Les premières cicatrices
Il y a des douleurs qu’on ne ressent qu’après coup, quand l’adrénaline s’est dissipée et que l’esprit commence à comprendre ce que le cœur a perdu. Les premiers jours sans lui étaient un tourbillon. Je me surprenais à l’appeler par habitude, à chercher sa silhouette dans chaque pièce, à tendre l’oreille pour un son, un signe de sa présence. Rien. Seulement le silence, lourd et oppressant, un écho constant de son absence.
Je ne savais pas encore que c’était là que les cicatrices commencent à se former. Pas sur la peau, mais dans l’âme, dans les recoins que personne ne voit.

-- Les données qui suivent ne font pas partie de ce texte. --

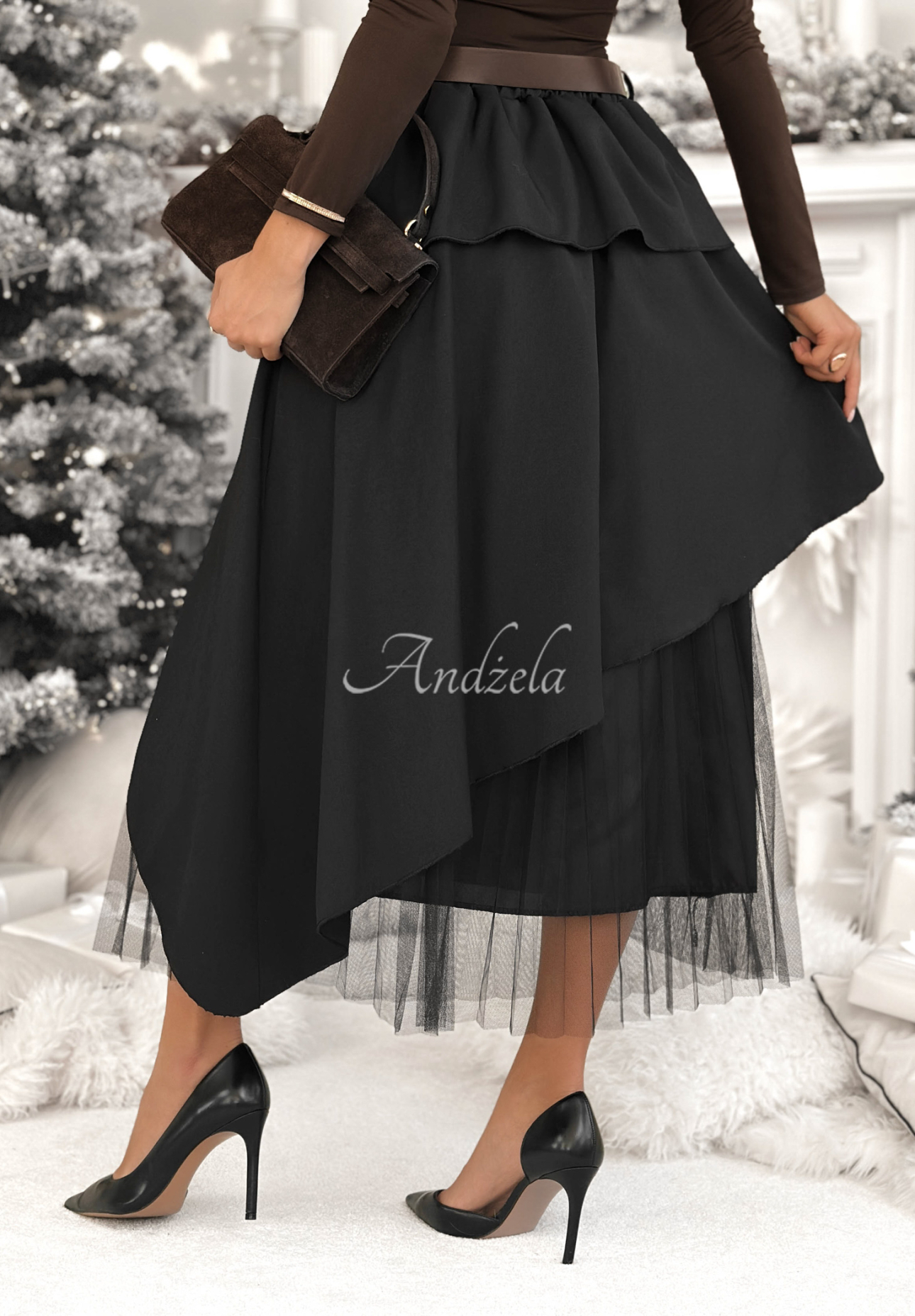 Fustă plisată cu curea Change You Wish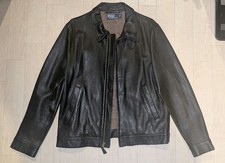 Polo by Ralph Lauren black leather jacket L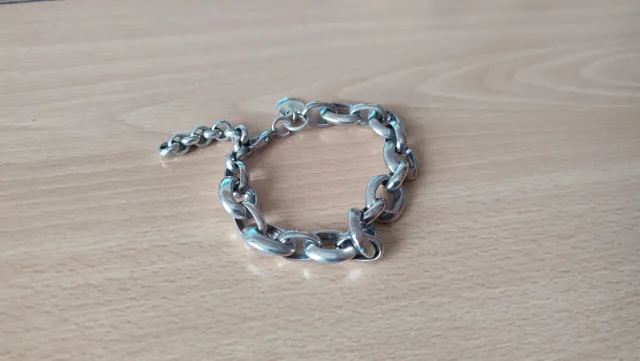 Pulsera de Zamak con eslabones grandes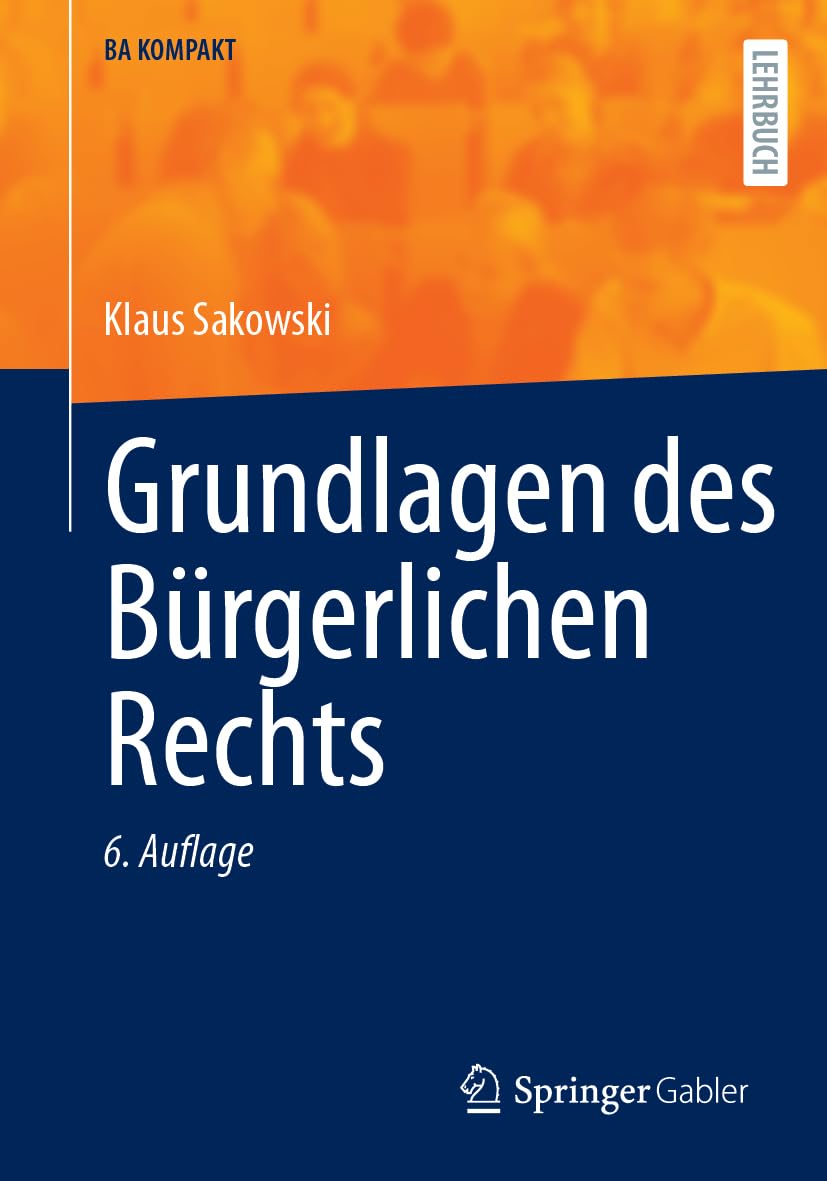 Grundlagen des Bürgerlichen Rechts Law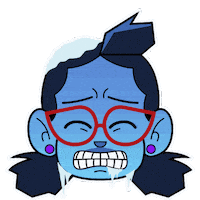 Shaking Cold Weather Sticker by Gashhuds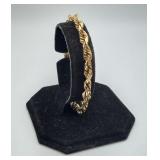 14k Gold Solid Twisted Rope Bracelet 21.6 grams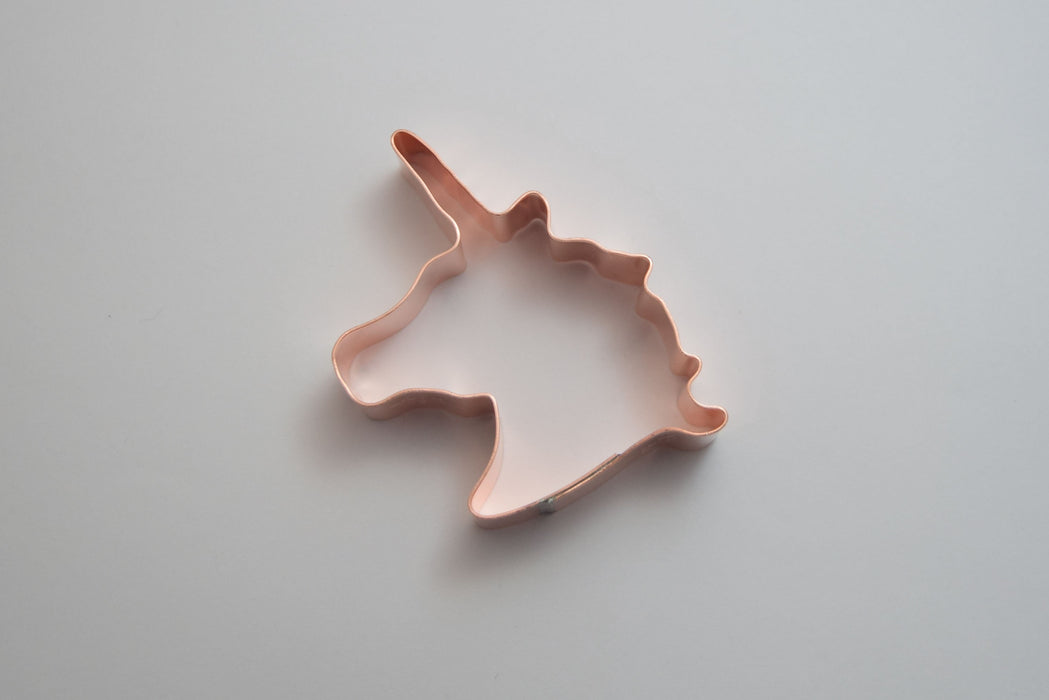 Little Fancy Unicorn Head ~ Copper Cookie Cutter - Handcrafted by The Fussy Pup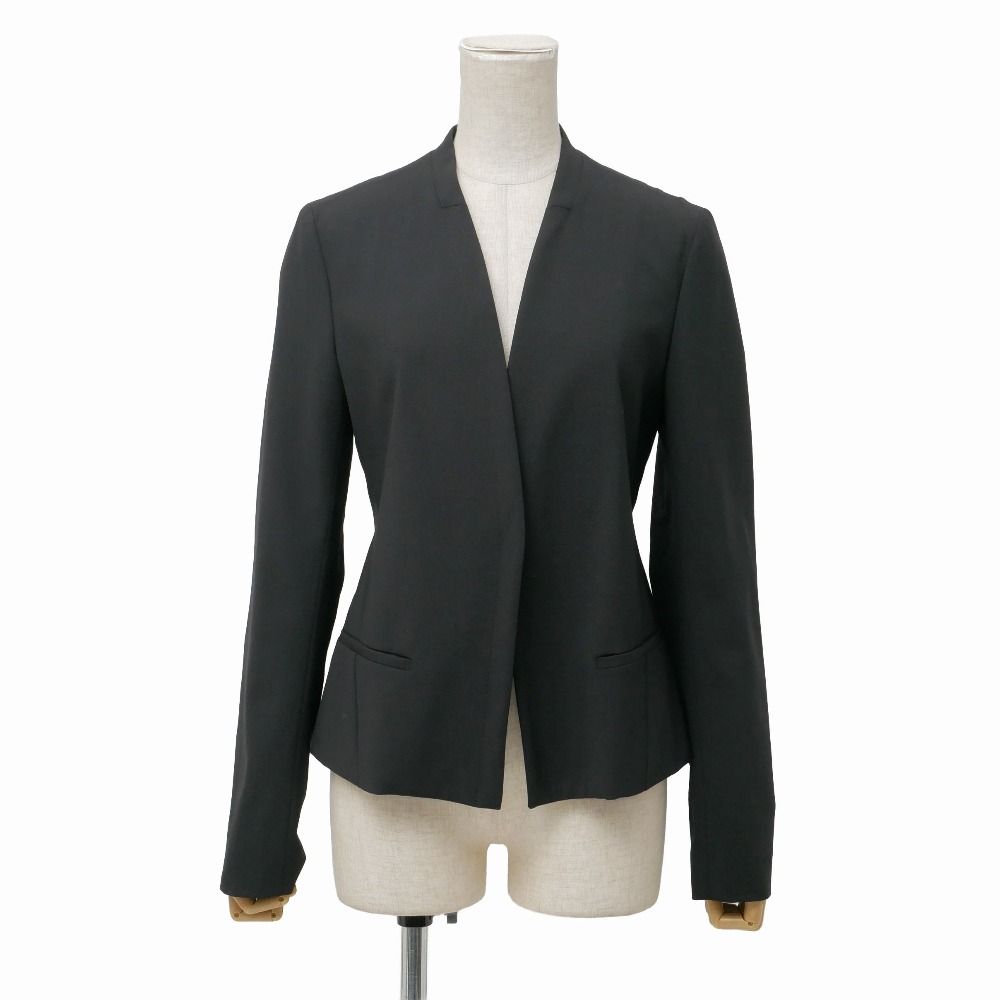 □美品□theory セオリー CLEAN BLAZER ジャケット サイズ4 ボタンレス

Je me suis jeté à corps perdu dans la routine, comme si travailler, ranger, nettoyer pouvaient recoller les morceaux de moi-même. Mais chaque tâche banale devenait un rappel cruel. Trier les affaires qu’il avait laissés derrière – un pull oublié, une bague sur le rebord de l’évier – était un supplice. Tout semblait chargé d’un poids invisible, comme si chaque objet portait en lui une histoire, une mémoire qu’il refusait de lâcher.
Un jour, je suis tombé sur un mot qu’il m’avait écrit des mois auparavant. Il était là, coincé entre les pages d’un vieux livre que nous avions lu ensemble. Ses mots étaient tendres, pleins d’espoir, comme si rien ne pouvait nous séparer. « Je t’aimerai toujours. » , « Je serai toujours là pour toi. » ,« Je ne t’abandonnerai pas même quand la vie sera difficile. »
Ces phrases m’ont brisées. Pas parce qu’elles n’étaient plus vraies, mais parce que j’avais cru en leur éternité. Il
avait écrit cela avec sincérité, j’en étais sûre. Mais quelque part en chemin, nous perdions ce fil, et je ne savais plus si c’était lui ou moi qui l’avait lâché en premier.
Les jours se sont enchaînés, chacun un peu plus vide que le précédent. Je commençais à comprendre que ce n’était pas seulement l’amour qui me manquait, mais une partie de mon identité. Avec lui, j’avais été quelqu’un : un partenaire, une confidente, une moitié d’un tout. Sans lui, j’étais un puzzle incomplet, une image floue qui peinait à se redessiner.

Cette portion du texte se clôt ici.